Live music and the silver screen
WHAT’S JOAN of Arc got to do with Buster Keaton? Don’t worry. It’s nothing obvious, because it’s personal to me. It was a Cork Film Festival screening of Carl Dreyer’s 1928 film The Passion of Joan of Arc that introduced me to movies with live orchestral accompaniment back in the 1980s. And on Saturday, at Galway Arts Festival, Buster Keaton’s 1921 film The Haunted House became the first film I’ve seen with live accompaniment by a string quartet.
To be honest, I never would have predicted the kind of venture the RTÉ Concert Orchestra embarked on in Cork would have a future. But it had. Philip Glass has been a major player, and Ireland has seen screenings of Godfrey Reggio’s Koyaanisqatsi with the Philip Glass Ensemble at the Belfast Festival, and Tod Browning’s Dracula at the NCH with the Kronos Quartet. AL and AL’s Icarus at the Edge of Time, again with music by Glass, was screened at the NCH earlier this month, with live narration (Louis Lovett) as well as live music (the RTÉ NSO, no less). Glass also made an opera out of Jean Cocteau’s La Belle et la Bête (also seen in Belfast), in which the composer removed the original soundtrack and music, and replaced them with material of his own.The RTÉCO has also been involved in playing live for screenings of the films from Peter Jackson’s The Lord of the Rings trilogy – the next instalment is scheduled for the O2 at the end of October – and, leaving orchestras aside, there have been any number of silent classics screened in churches with the full resources of the organ used in improvised accompaniments.

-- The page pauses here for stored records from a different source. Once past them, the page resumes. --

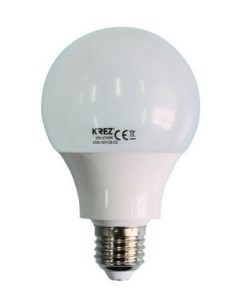 Лампа светодиодная шар E27 9W 2700K 4GM WH126 02 Krez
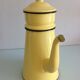 Former yellow enamelled coffee maker 50/60
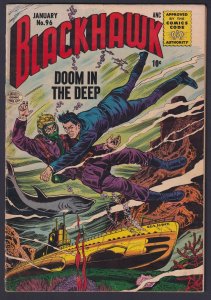 Blackhawk #96 4.5 VG+ Quality Comic - Jan 1956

It’s a peculiar anomaly that we talk of silent films, because, of course, they were anything but silent. Music was a crucial part of the deal. In a world where gramophones were a luxury and radio shows were part of the future, cinemas were an important conduit for music. Some of it was just anodyne fodder, but, especially in smaller communities, cinemas were significant in the dissemination of newly popular tunes.
Cinemas were also important musical employers. Not everyone who sat at a cinema organ was restricted to that particular line of work. Philip Dore, who in the 1930s was the organist of the Savoy Cinema, had before that been the organist of Mullingar Cathedral, and was later the director of music at Brighton College, and director of music and organist at Ampleforth Abbey and College. If you’re lucky you might find his recordings of Mendelssohn’s complete organ sonatas, issued in the early 1970s, in a second-hand record or charity shop.